MEDIA INDUSTRY TO GROW 11.8% MOVEMENTS PAGE
The media and entertainment (M&E) industry is likely to grow at a marginally lower pace this year at 11.8% over 2012, and will touch Rs.91,700 crore, says a Ficci-KPMG report. Last year, the domestic M&E industry grew at 12.6% to Rs.82,000 crore from Rs. 72,800 crore the year before, said the report. The report is bullish about the future, saying the sector is poised to clip at a healthy CAGR of 15.2% to reach Rs.1,66,100 crore or Rs.1.67 trillion by 2017. Hoping to overcome the sluggish conditions of the past year, the industry is aiming to cash in on the impetus introduced by digitization, continued growth of regional media, upcoming elections, continued strength in the film sector and fast increasing new media businesses among other contributing factors.

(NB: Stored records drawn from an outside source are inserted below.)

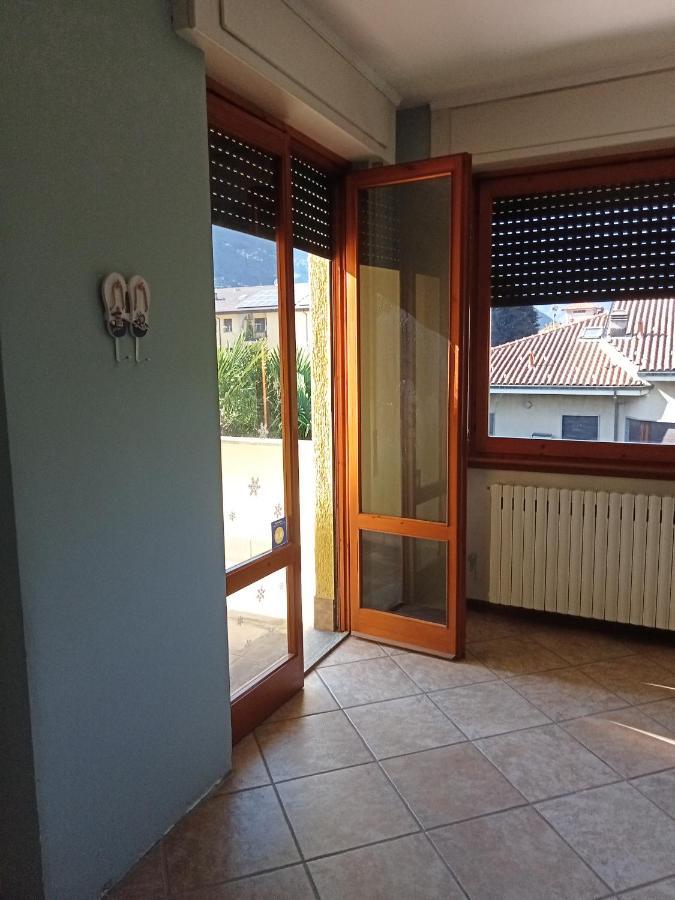 La Casa Di Elisa Affittacamere Gravellona Toce Bagian luar foto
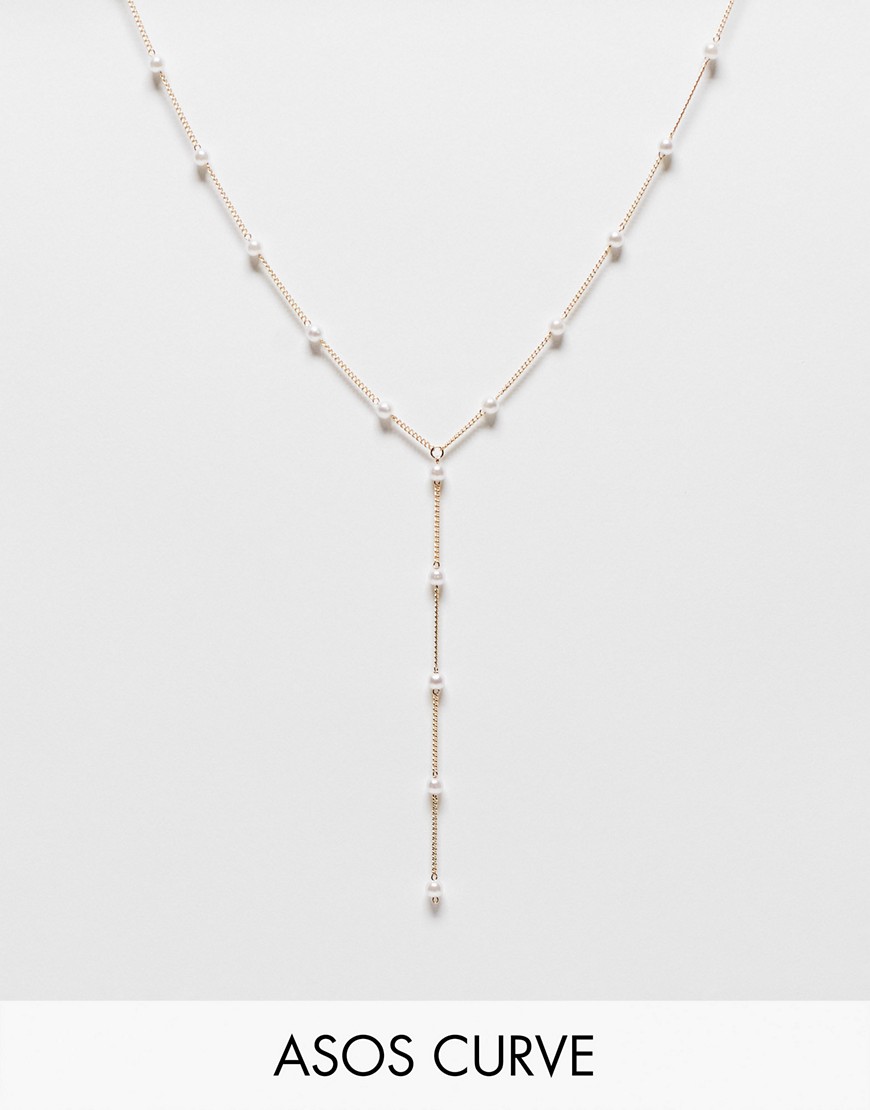 Asos Design Curve Lariat Necklace With Pearl Detail Chain In Gold Tone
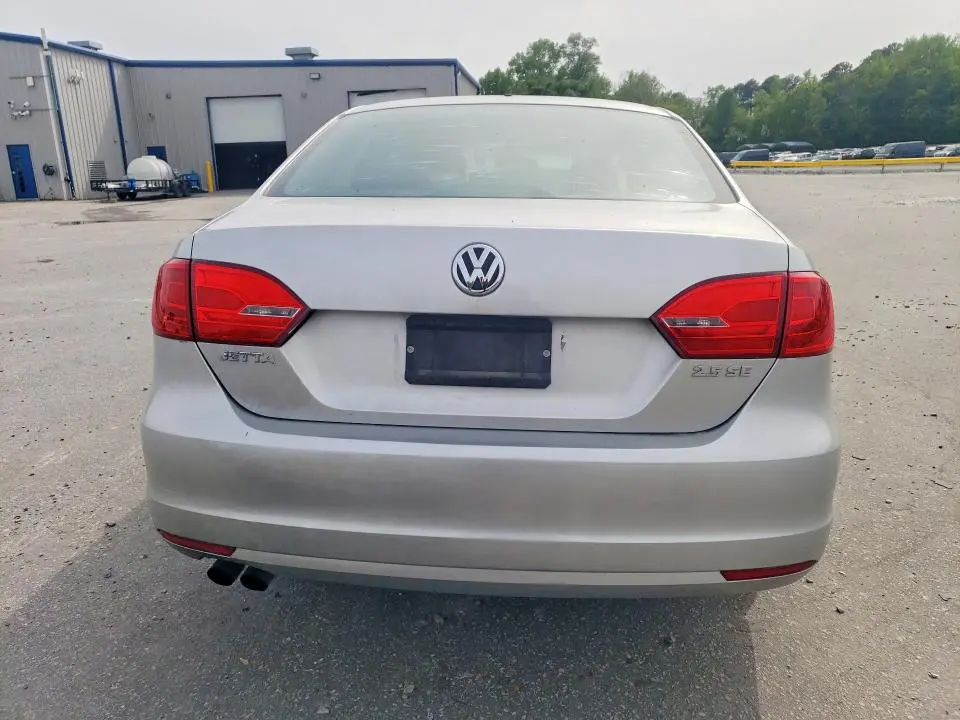 2011 VOLKSWAGEN JETTA SE  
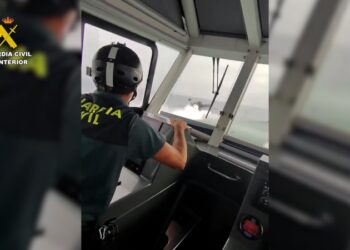 persecucion-horas-interceptar-narcolancha-guardia-civil-003
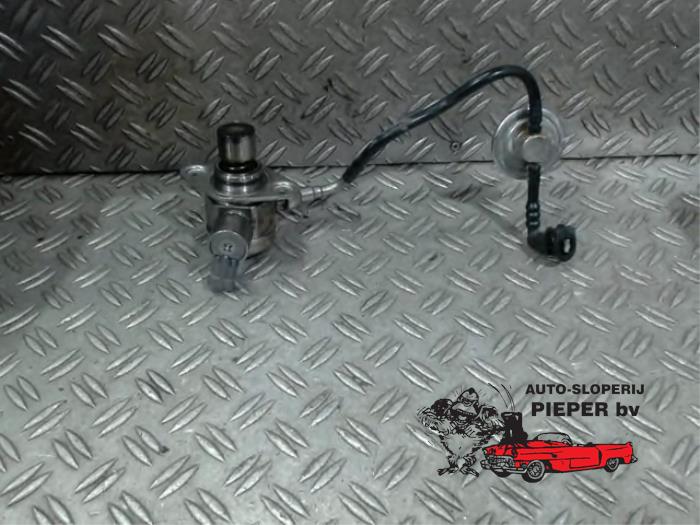 Gebruikte Hogedrukpomp Ford Focus 3 1.0 Ti-VCT EcoBoost 12V 100 Prijs € 78,75 Margeregeling aangeboden door Autosloperij Pieper BV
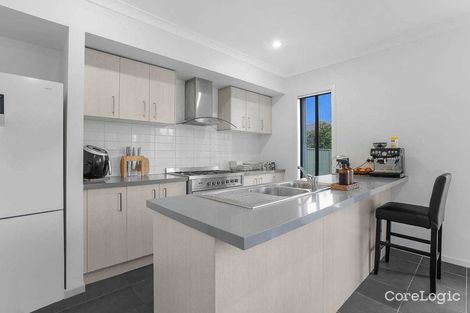 Property photo of 18 Reddington Way Wyndham Vale VIC 3024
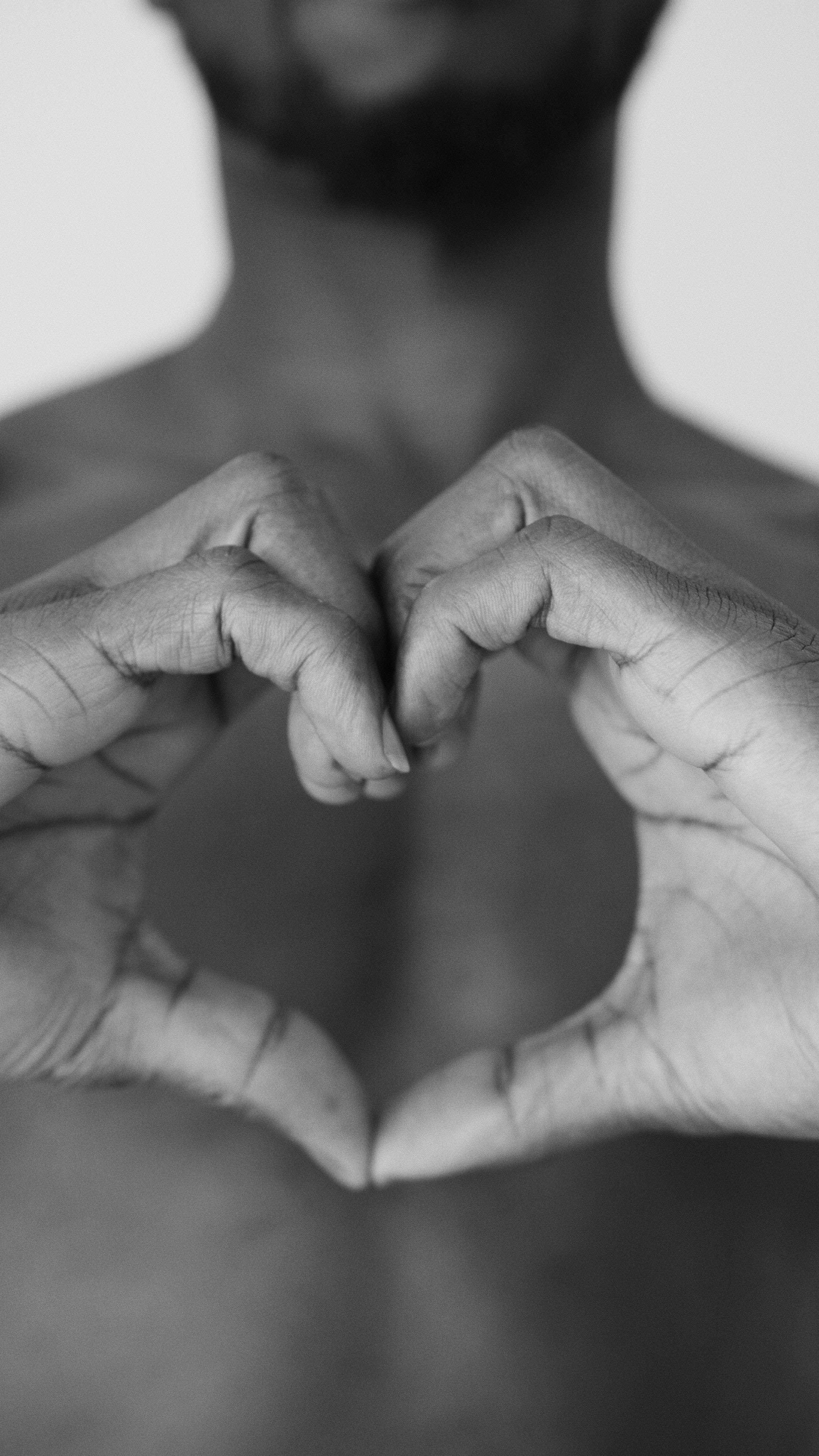 man, hands, heart shape, 4K Phone Wallpaper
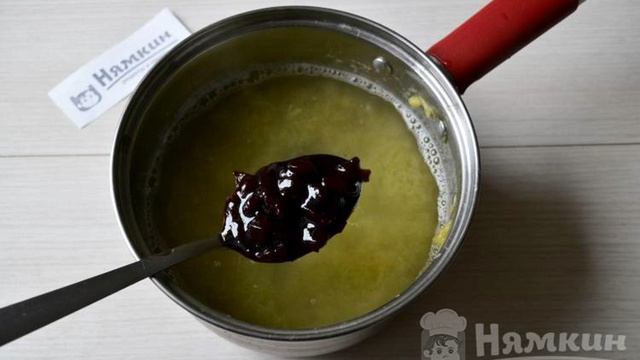 Сладкий суп из ревеня с клецками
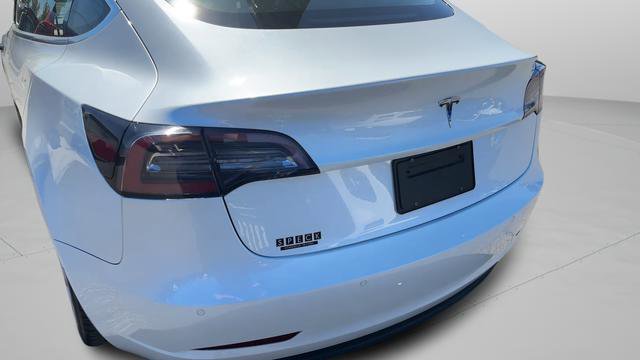 Used 2019 Tesla Model 3 Mid Range image 5
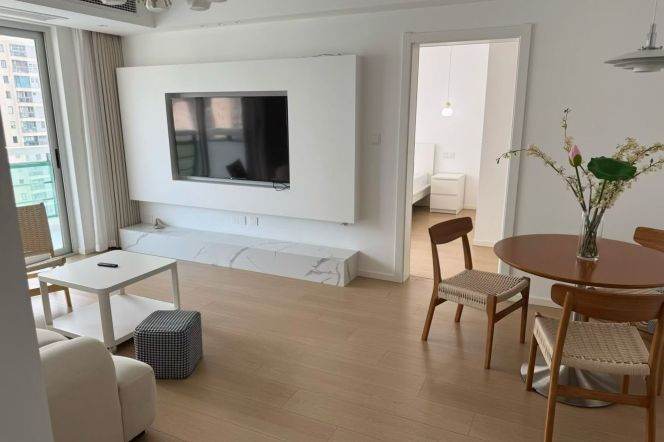 Spacious 1BR Apartment in Jing'an (L13/L14)
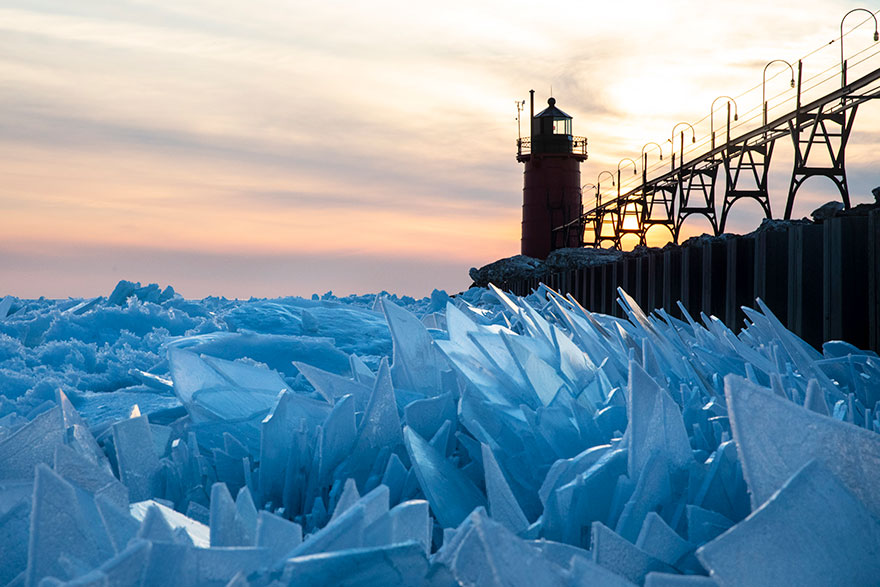 Frozen Lake Michigan Shatters Into The Pieces, See The Breathtaking Results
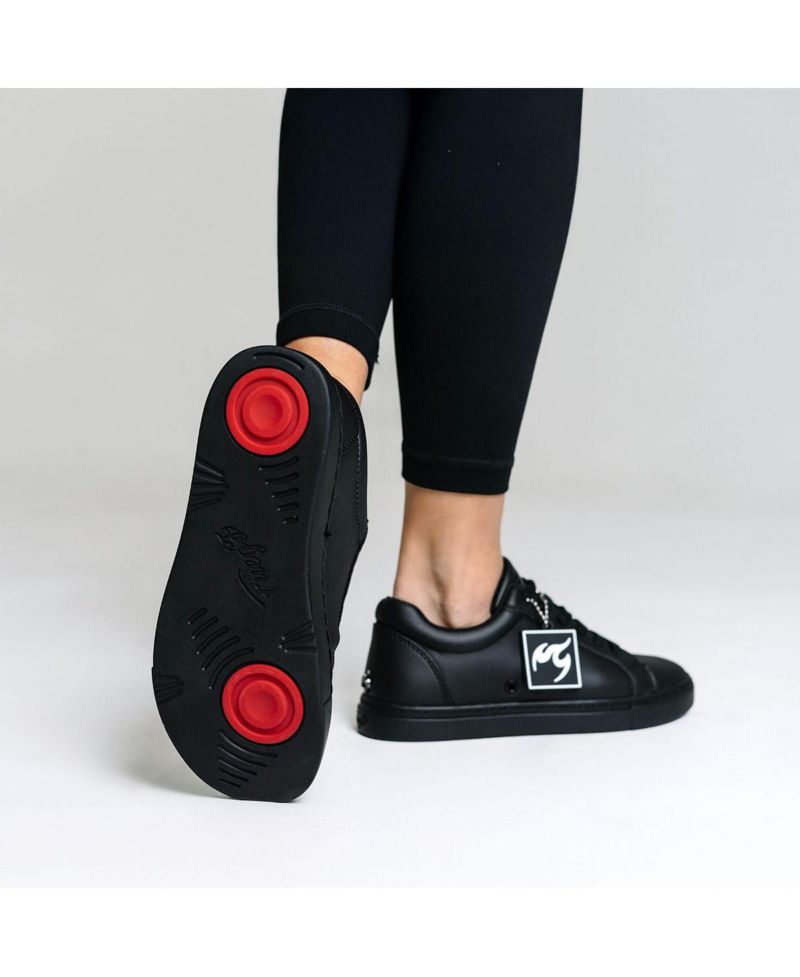 Men's All-black Low-top Sneaker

The report states that Radio is anticipated to see a spurt in growth at a CAGR of 16.6% in the 12th Plan period (2012-17), post the rollout of Phase 3 licensing. The report pointed out that total advertising spend across media was Rs.327.4 billion in 2012 but advertising declined 4% as it grew only 9% (2012) as against 13% (2012) and 17% (2010). Print advertising continues to be the largest beneficiary with a total advertising share of 46% of the advertising pie at Rs.150 billion, the report said.